Menguji stimulus penyelamat UMKM di tengah krisis Korona

UMKM dahulu menjadi penyelamat ekonomi kala krisis, kini terpukul pandemi.

Usaha Mikro Kecil dan Menengah (UMKM) sudah sejak lama menjadi tulang punggung perekonomian Indonesia. Data Badan Pusat Statistik (BPS) menyebut, UMKM menyumbang 61,07% produk domestik bruto (PDB) Indonesia dan mampu menyerap 97% tenaga kerja di Indonesia pada tahun 2018.

Sayangnya, kekuatan UMKM di tahun ini teruji akibat pandemi Covid-19 yang menerjang Indonesia sejak kuartal I 2020. Akibatnya, BPS mencatat laju perekonomian kuartal pertama hanya sebesar 2,97%. Kementerian Keuangan bahkan memprediksi ekonomi Indonesia akan melambat sebesar 0,4-1,1% pada tahun ini.

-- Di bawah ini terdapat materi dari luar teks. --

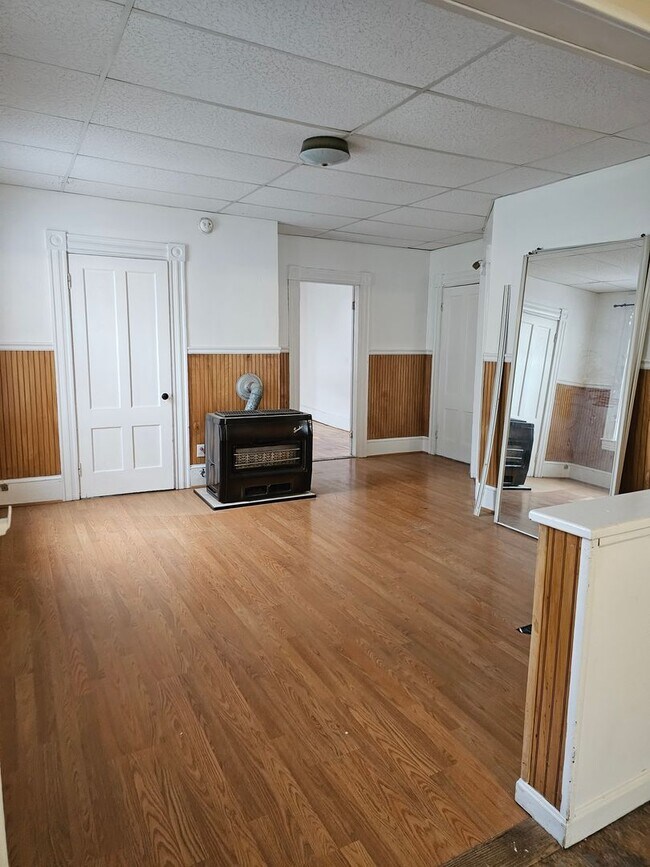 Building Photo - Spacious 3 Bedroom, 1 Bath Apartment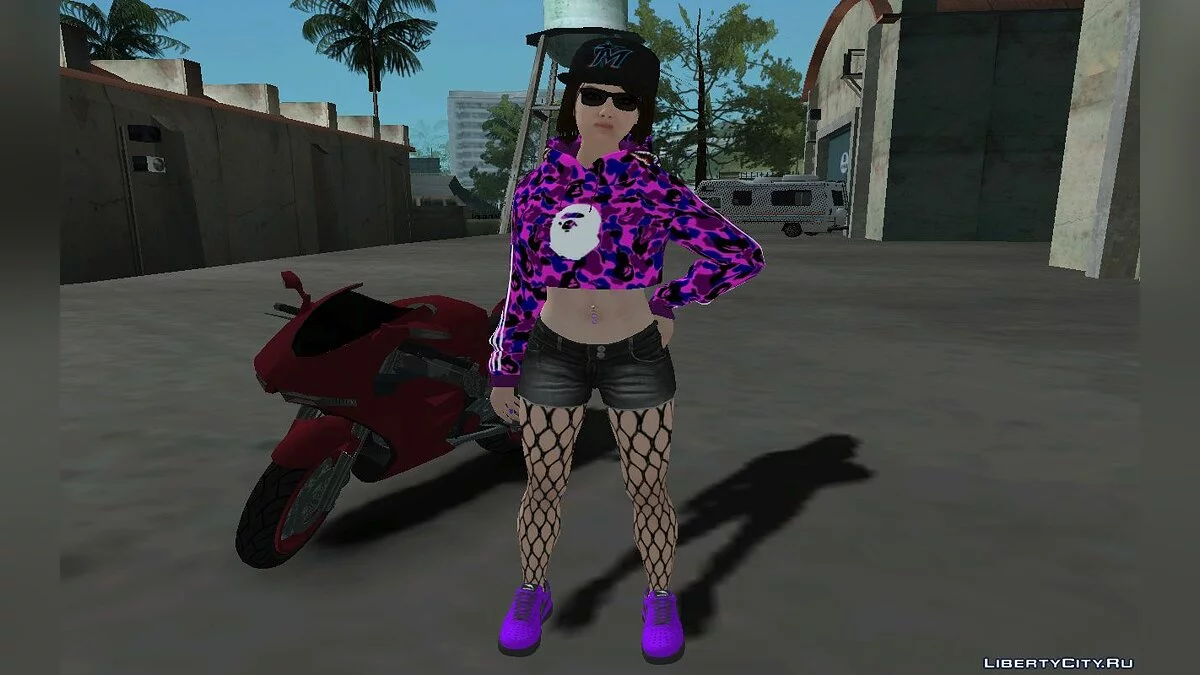 Девушка-ассистент из GTA Online v3 / GTA San Andreas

Menurut survei yang dilakukan oleh Bank Indonesia (BI) pada Juni 2020, sebanyak 72,6% pelaku UMKM terdampak oleh pagebluk. Dampak yang mereka rasakan adalah penurunan penjualan, kesulitan bahan baku, hingga kesulitan permodalan.

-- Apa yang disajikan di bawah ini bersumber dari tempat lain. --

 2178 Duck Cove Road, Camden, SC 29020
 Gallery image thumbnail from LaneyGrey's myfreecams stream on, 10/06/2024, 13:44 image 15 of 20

Padahal, UMKM mampu bertahan dan menjadi penyelamat ekonomi nasional pada krisis sebelumnya. Pada 1998, BPS mencatat pertumbuhan nilai ekspor UMKM mencapai 76,48% tepat saat terjadinya krisis moneter.

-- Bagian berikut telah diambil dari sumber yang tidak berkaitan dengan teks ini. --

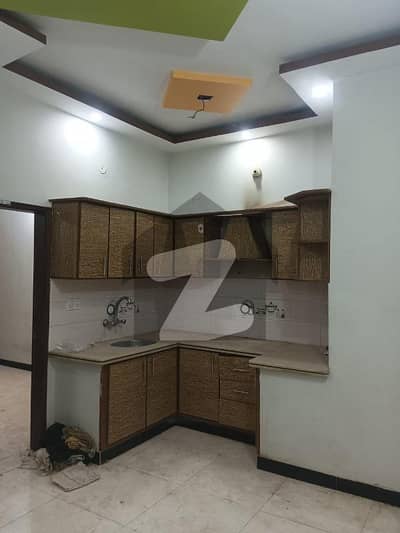 ناظم آباد - بلاک 5سی ناظم آباد,کراچی میں 2 کمروں کا 3 مرلہ زیریں پورشن 54.0 لاکھ میں برائے فروخت۔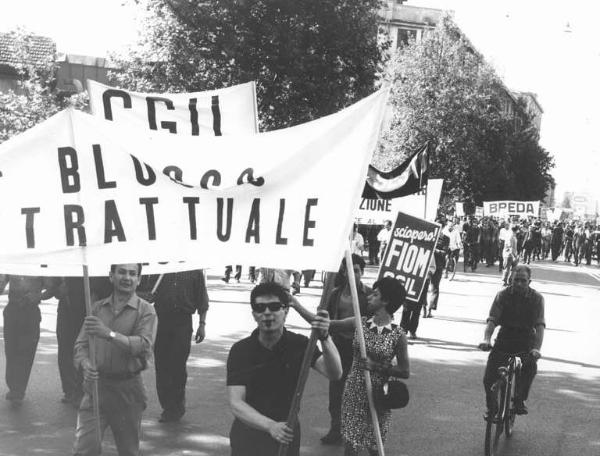 Sciopero dei lavoratori metalmeccanici per il contratto - Corteo - Spezzone lavoratori della Breda - Striscioni - Cartelli Fiom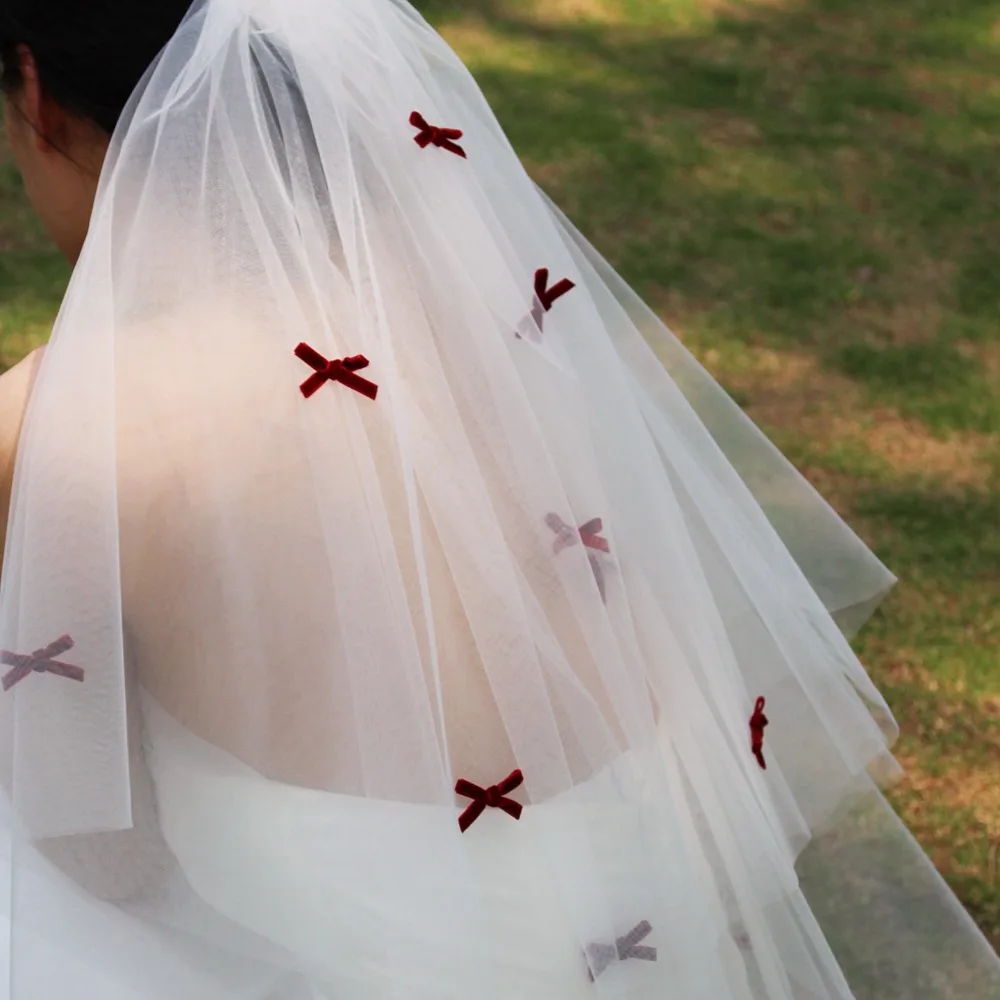 

Bride to Be Chic Beaded Bowknot Bridal Wedding Veils Marriage Accessories 2025 New Collection Wedding Veil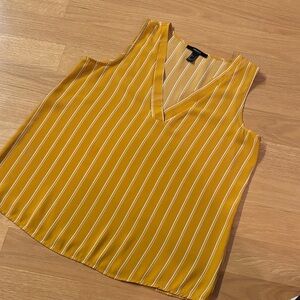 FOREVER 21 med - sleeveless v-neck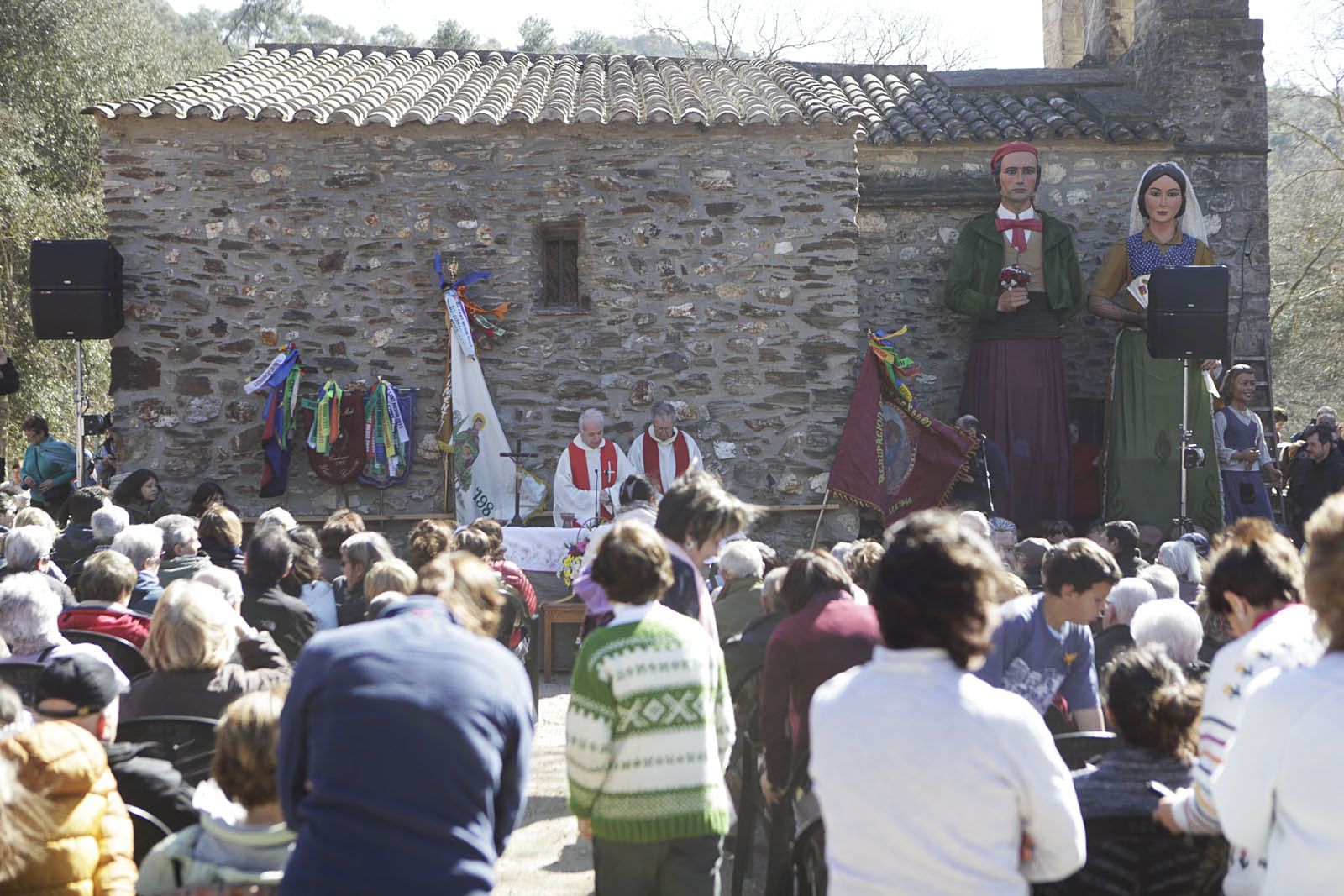 Centenars de santcugatencs s'apleguen a l'ermita de Sant Medir cada 3 de març FOTO: Artur Ribera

Imbas pandemi turut dirasakan Muhammad Affandi, pemilik brand Laki Supply. Dia mengaku usaha pakaian laki-laki yang dirintisnya terpukul akibat menurunnya daya beli masyarkat selama pandemi. Imbasnya, dia sempat mengerem produksinya pada Maret hingga Juni lalu.